Mr Heng, 60, said in April that he would remove himself as next-in-line to be prime minister, a surprise to many and a setback for succession plans. He cited his age as one of the reasons, and said that a younger leader with a “longer runway” should take over.
The 4G leaders, comprising Cabinet ministers and senior cadres of the People’s Action Party (PAP), will choose a leader from among themselves and asked for more time to do so.
The frontrunners for the post are seen to be Trade and Industry Minister Chan Chun Sing, Education Minister Lawrence Wong and Transport Minister Ong Ye Kung.
All three were given new posts in a Cabinet reshuffle last month.
Mr Goh said on Friday that the process of “orderly political transition” continues, and advised the 4G leaders to work closely as a team.
“Show confidence and leadership as a group. Hone your political skills and prepare yourselves to take over the reins from the 3G. Deliberate carefully who amongst you should be the leader, and band together to support the leader once a decision is made,” he said.
Mr Goh also appealed to Singaporeans to give the 4G team some time to decide on their “primus inter pares” - first among equals - as it is an important decision for Singapore’s future.
“The leader so chosen will have to lead his peers like the captain of a soccer team. They will have to work together to produce the best results for the people, just as a soccer team has to click to win matches for its fans,” he said.
“The whole must always be greater than the sum of its parts.”
Mr Goh said that his objective in publishing his biography was to encourage Singaporeans to serve their country.

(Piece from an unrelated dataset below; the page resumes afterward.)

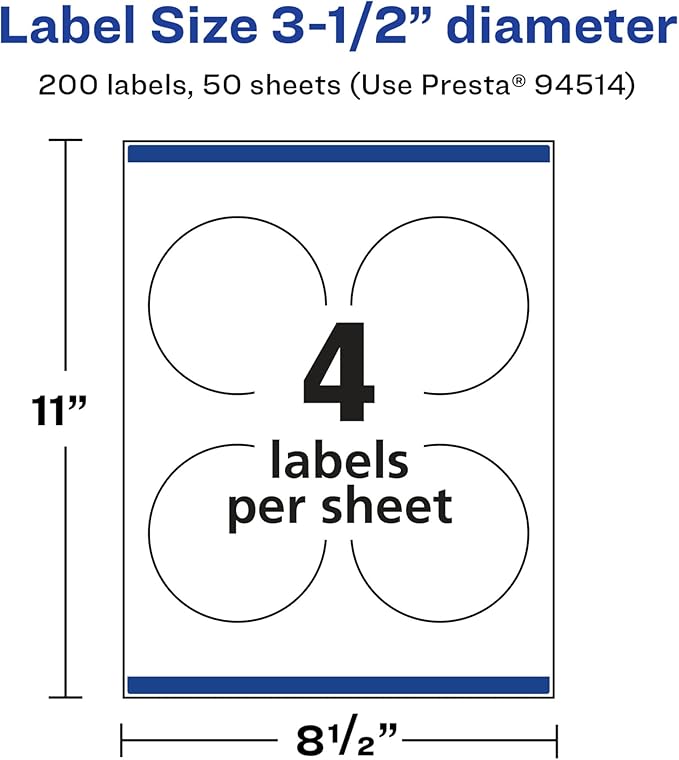 Avery Glossy White Round Labels, Sure Feed Technology, 3.5" Diameter, 200 Glossy White Labels, Print-to-The-Edge, Permanent Adhesive, Laser/Inkjet Printable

"I do not believe that good leaders will automatically emerge in a democracy nor that the whims of elections can guarantee a slate of the best to govern the country," he said.
"For democracy to work, ours anyway, we must offer the best candidates possible for the people to choose."
The former Prime Minister emphasised that “carefully managed” political succession is the “hallmark” of Singapore politics, and that it has given the country “political predictability, stability and good governments”.
“In 2065, will the world write about the miracle of a Singapore Century of stability, growth and prosperity? Or will they use us as a case study of how an outstanding nation became an ordinary country like any other, or worse, a failed state?” he asked.
“Singapore is a city state, not a big country. If able people fail to step out into the political arena or if we do not signal strong support for good leaders, Singapore’s drop will be more precipitous than its rise.”
Standing Tall was written by former journalist with The Straits Times Peh Shing Huei, who is a partner at content agency The Nutgraf. It comes after the first volume of Mr Goh’s biography titled Tall Order, and recounts Mr Goh’s years as Singapore’s prime minister from 1990 to 2004.
The book launch on Friday was attended by several leaders from Mr Goh’s era whom he thanked for being a part of his team.
“I want to thank in particular my colleagues who had served with me – Tony Tan, Jayakumar, Wong Kan Seng, Dhanabalan and others who are here today, as well as those who are not,” said Mr Goh. “Let me add that Ong Teng Cheong was an invaluable member of my team.”
There were three former deputy prime ministers in attendance - former President Tony Tan, Professor S Jayakumar and Mr Wong Kan Seng. Mr S Dhanabalan was a Cabinet minister for a number of ministries during his time in the Government.
Mr Ong Teng Cheong was also a deputy prime minister and Singapore's first elected President. He died in 2002.
“We might have had different points of view but once a decision was made, all of us rallied behind it. We trusted each other. We worked as a team, with members looking out for one another. We had a shared sense of purpose. We were united. Without this team, I would not have succeeded as Prime Minister,” said Mr Goh.
He also thanked his successor, current Prime Minister Lee Hsien Loong, for being an “indispensable member” of his Cabinet.
“One day, you have to write the sequel to my story and to the Singapore Story of Lee Kuan Yew,” said Mr Goh.